• ABOUT THIS EXERCISE:
Where a picture appears, leave it out, and transcribe all the lines below exactly.

---

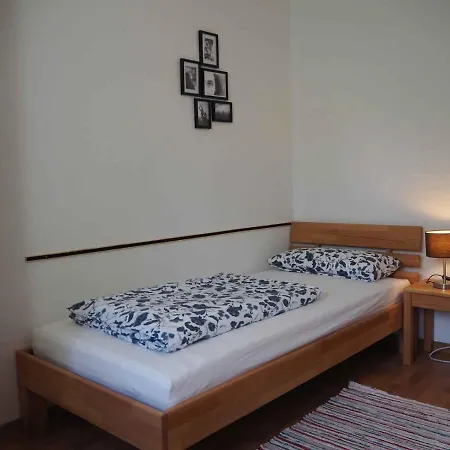 3-raum In Chemnitz, Ideal Fuer Monteure * ケムニッツ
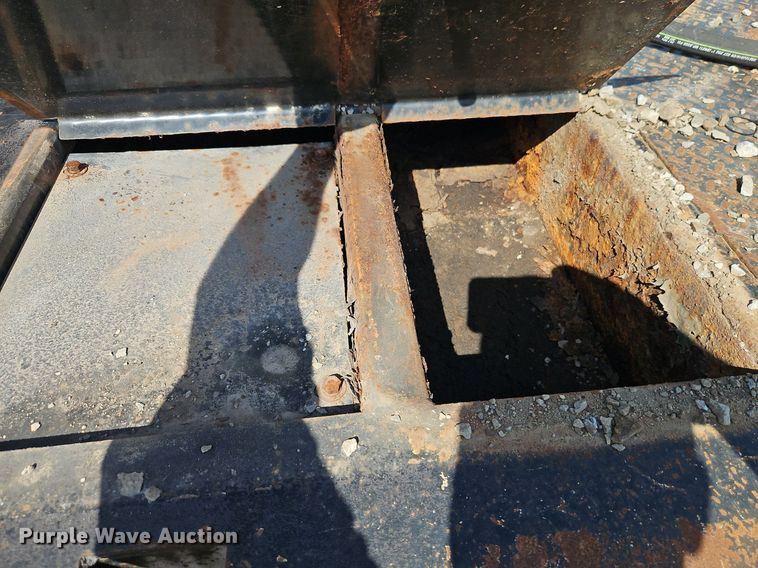 image for item DR8631 2004 Trail King TK70HT 482 drop deck equipment trailer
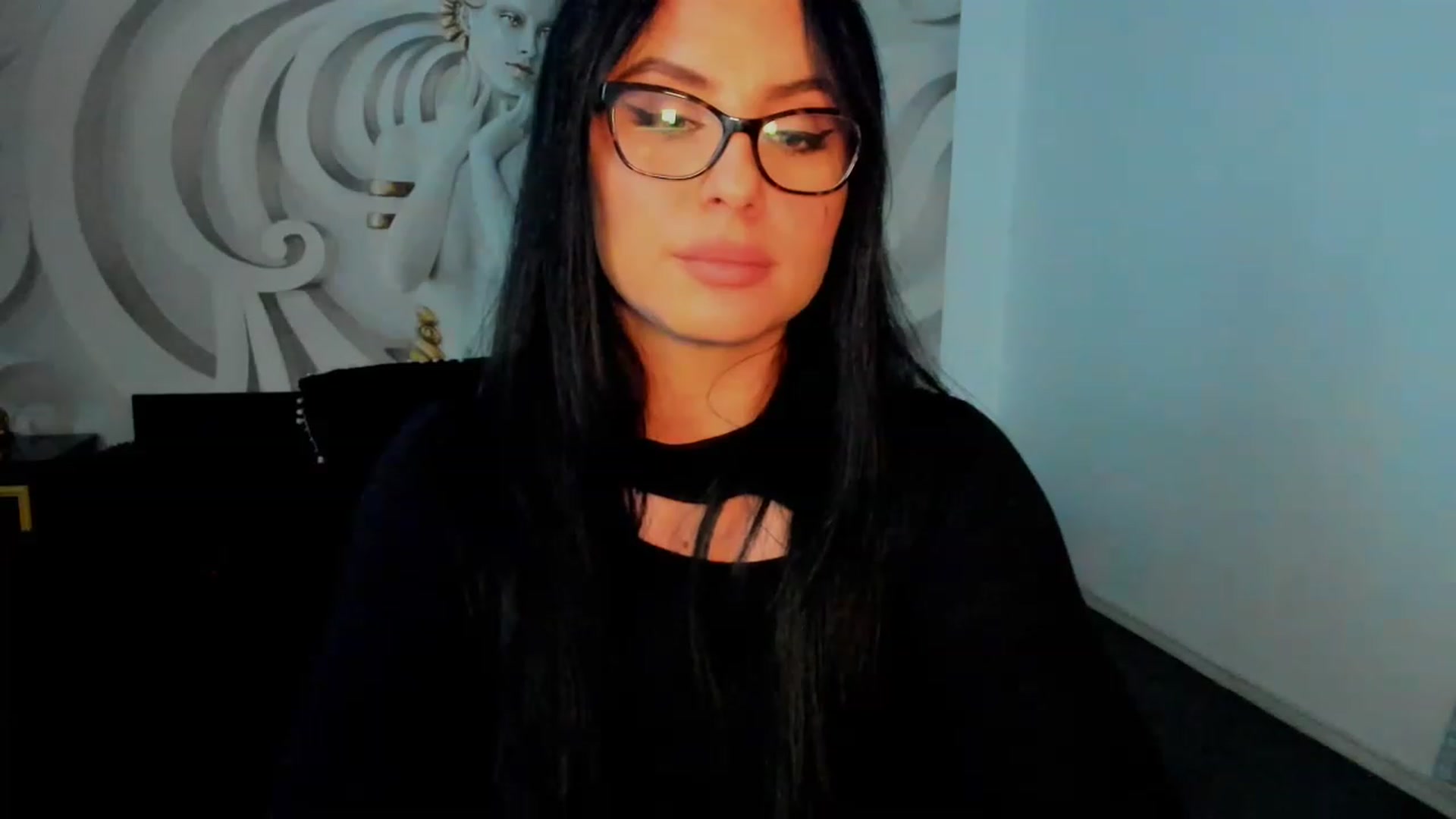 Gallery image thumbnail from xemena's myfreecams stream on, 06/18/2023, 23:47 image 5 of 20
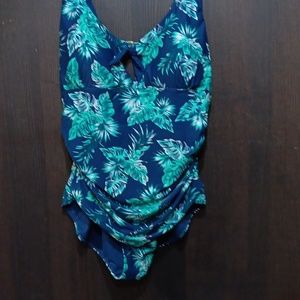 Heat 1 piece bathing suit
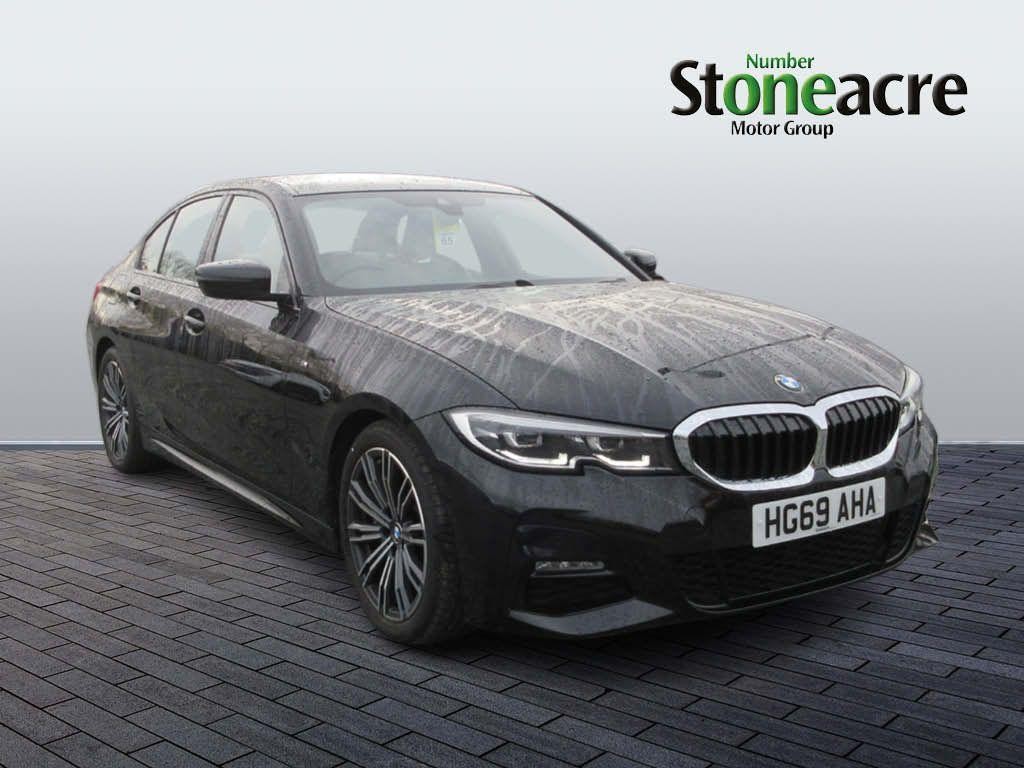 BMW 3 Series Image 1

---

• SOLUTION:
 3-raum In Chemnitz, Ideal Fuer Monteure * ケムニッツ
 image for item DR8631 2004 Trail King TK70HT 482 drop deck equipment trailer
 Gallery image thumbnail from xemena's myfreecams stream on, 06/18/2023, 23:47 image 5 of 20
 Heat 1 piece bathing suit
 BMW 3 Series Image 1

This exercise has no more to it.